Sport is an activity that increases the body's organic resistance, improves the physiological capacity of the systems, maintains and maintains this capacity. However, not preparing enough before starting sports brings along injuries. Among the regions exposed to sports trauma, the knee joint ranks first with 32.9%. After the knee joint, the most injuries during sports are seen in the ankle, hip and groin area, shoulder joint, foot and thigh area, spine and elbow joint, wrist and hand.
Sports injuries occur when part or all of the body is exposed to more force than normal and the limits of endurance are exceeded.
Common situations are as follows:
Muscle, ligament, tendon tears
Tennis and golfer elbow
Baseball player finger
What Are the Diagnostic Methods in Sports Injuries?

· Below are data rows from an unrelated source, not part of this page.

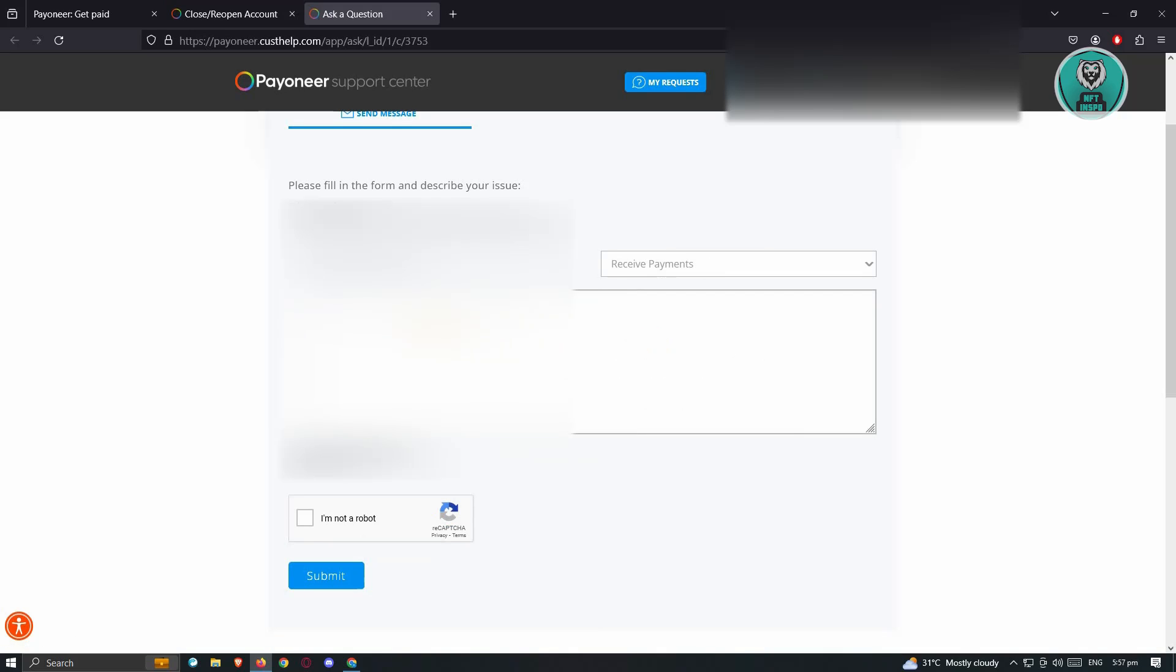From here, provide any necessary details and any reason why you need to have your receiving account. Once you provide all the details, click on I'm not a robot and attach any files related to your request. Then just hit Submit and wait for Payoneer support to reach out to you.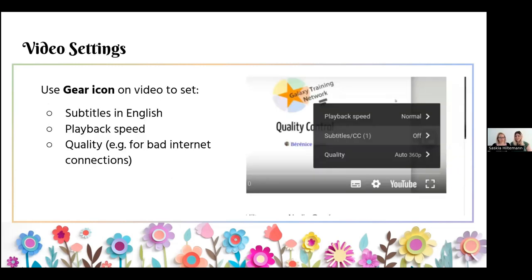If you do watch the videos, make sure to check out the gear icon for extra settings. All our videos have subtitles in English, so please remember to turn these on if they're helpful. You can also change the playback speed — if something's a little too fast, you can slow it down so you can keep up without stopping and restarting. And if you're having trouble with buffering or quality, you can also adjust the video quality, which can be very useful if you're on a bad internet connection.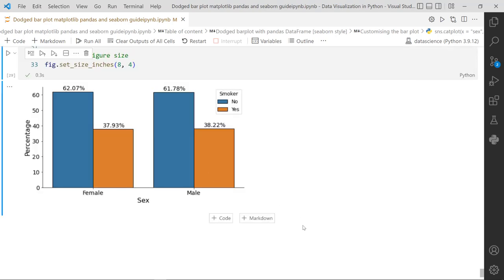These are the ways to generate a dodged bar plot from scratch. I hope you have learned how to generate a bar plot from scratch using Matplotlib. Once you know the Matplotlib style, you can customize any properties, access class information, get different methods and attributes, and do any customization. I hope it is useful for you - you can also apply this to your own dataset. Thanks for watching.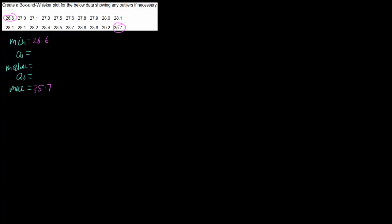Then we want to find our median, and because this has 20 data points, our median is halfway and our data is nicely arranged into two lots of 10, so our median is here between 28.1 and 28.1. So our median is going to be 28.1.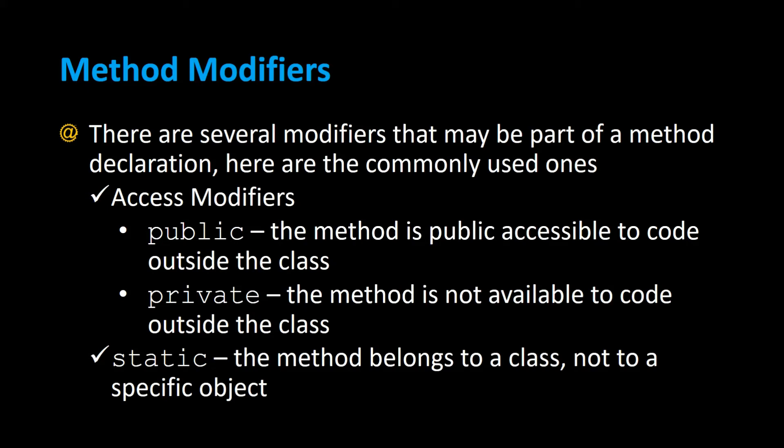There are several method modifiers that may be part of a method declaration, and here are the commonly used ones. A method could be public, meaning that it's publicly accessible to code outside the class. And a method could also be private, meaning that the method is not available to code outside the class.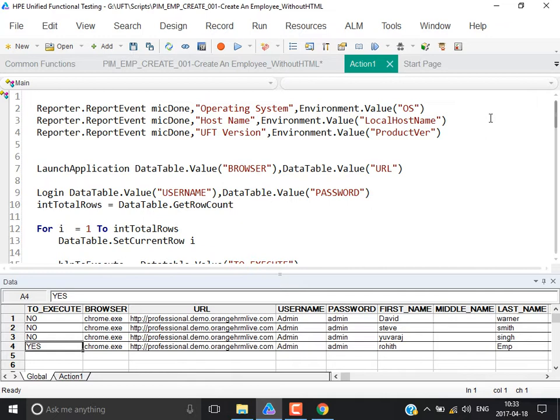The application URL, master username, master password, and application version will all be common across all scripts for that particular release. When you want to store information about the application or database — values which can be used across all scripts as common values — then you use user-defined environment variables.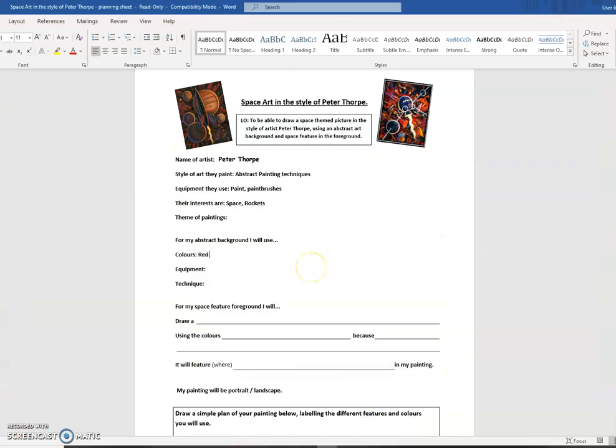If we're doing Mars, I'm going to use red. Or I might decide to do something different, like, I don't know, Neptune. I might use blue if I do decide to use Neptune.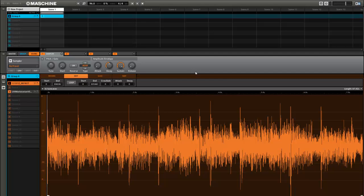Today I want to show you how to time stretch a sample with UVI Workstation 2. I already showed you how to do it with the previous version, version 1, but they just released version 2 and I want to show you how to do it with that.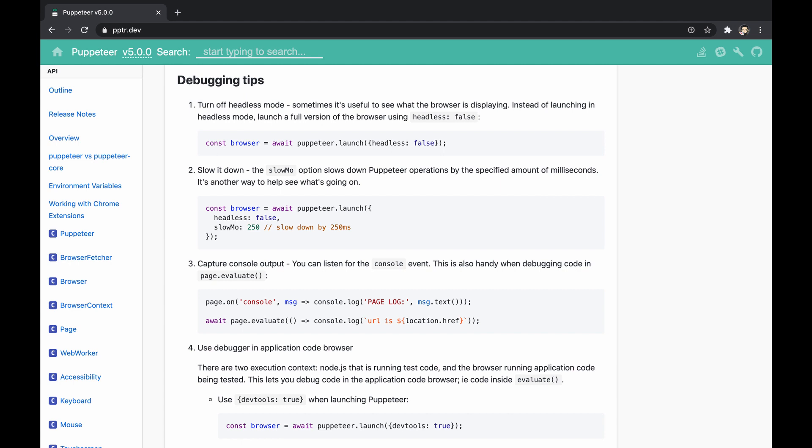This video introduces three possible ways to approach debugging browser issues with Puppeteer. The official documentation of Puppeteer specifies them as several tips, and we're going to refine them.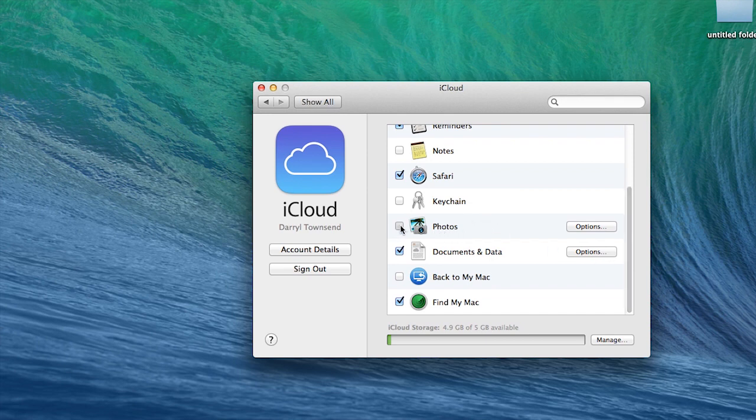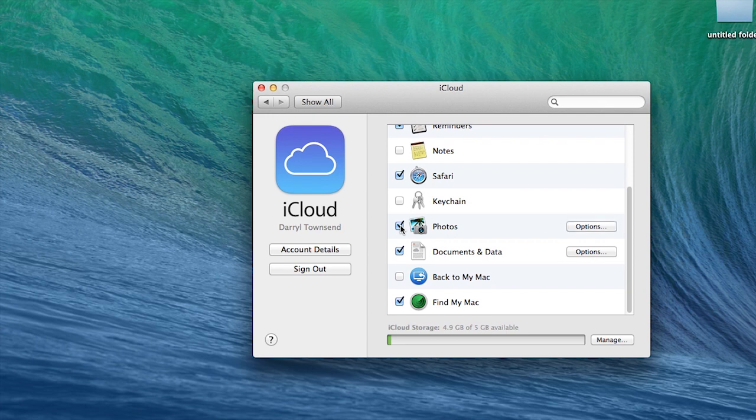Now the categories that are checked are automatically being backed up, but our photos are not because they're not checked. So let's click on that and we're going to go ahead and click manage so that it will manually back them up right now.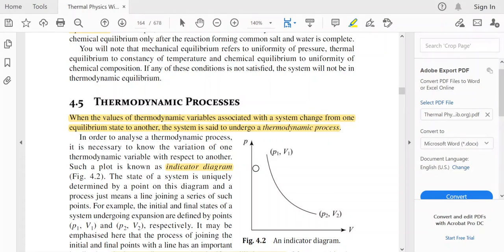Welcome to the lecture of thermodynamics. In this lecture we are going to discuss about thermodynamic processes and zeroth law of thermodynamics. These lectures are from the book of Garg, Ghosh and Bansal, Thermal Physics with Kinetic Theory, Thermodynamics and Statistical Mechanics.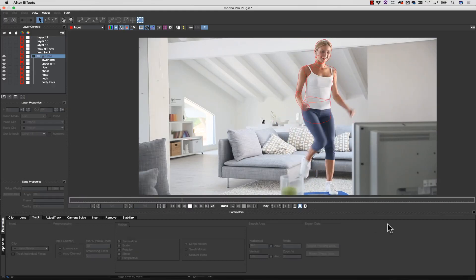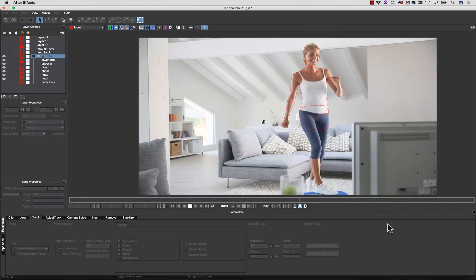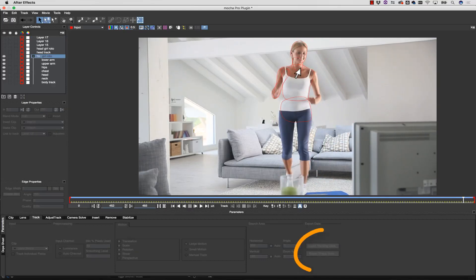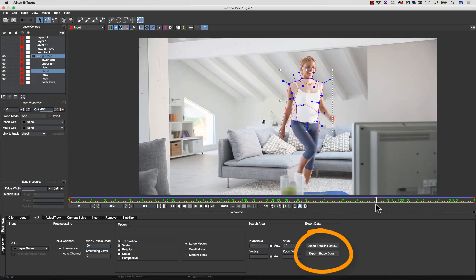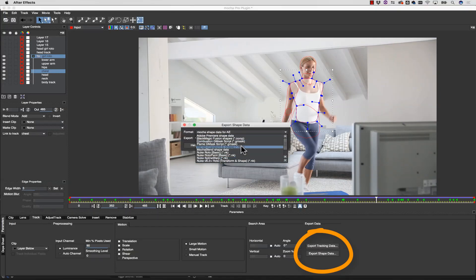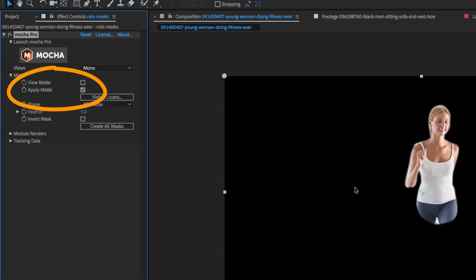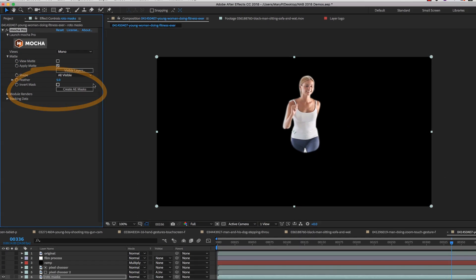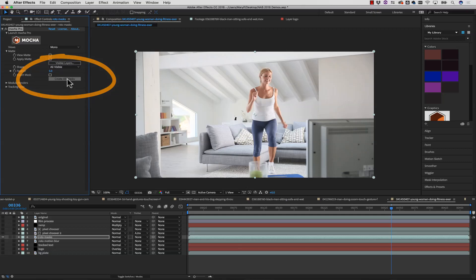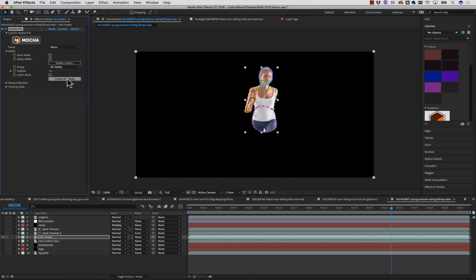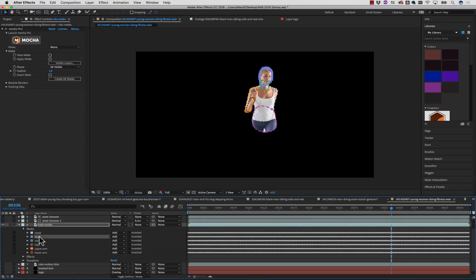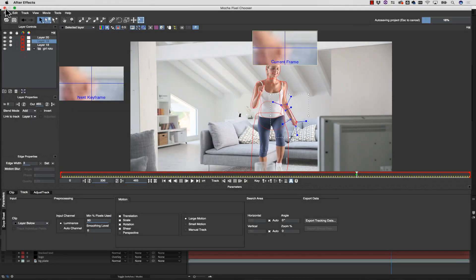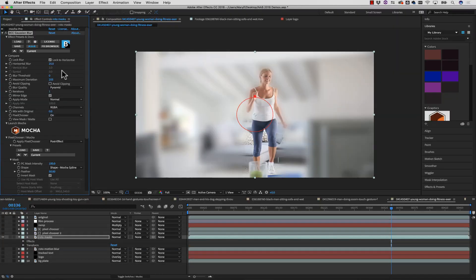When I am done with my roto work, I can export out the animated shape data to almost any editing or VFX system on the market. If I'm using the Mocha plugin, I can also view the roto as a matte or cutout with an alpha. In After Effects, we have this nifty Create AE Masks button, and if I am accessing Mocha from Boris Continuum or the Sapphire plugins, we simply close the Mocha instance and have our isolated effect.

For a diagnosis of a sports or other musculoskeletal injury, the doctor will ask when and how the injury occurred and what activities the person has engaged in recently or in their daily routine. Diagnostic methods include x-ray film, computed tomography (CT) scans, magnetic resonance imaging (MRI), arthroscopy (imaging with a small microscope inserted into the joint), electromyography (recording electrical currents generated by a moving muscle).
How Does the Treatment Process Progress in Sports Injuries?
Immediate actions for almost all sports injuries include rest, ice, compression, and elevation. To minimize internal bleeding and swelling and prevent the condition from getting worse, the injured area is immediately rested.
Ice causes vessels to constrict, helping to limit inflammation and reduce pain.
Covering the injured area with tape or an elastic bandage (compression) and lifting the injured area above the heart level (elevation) helps to keep swelling limited.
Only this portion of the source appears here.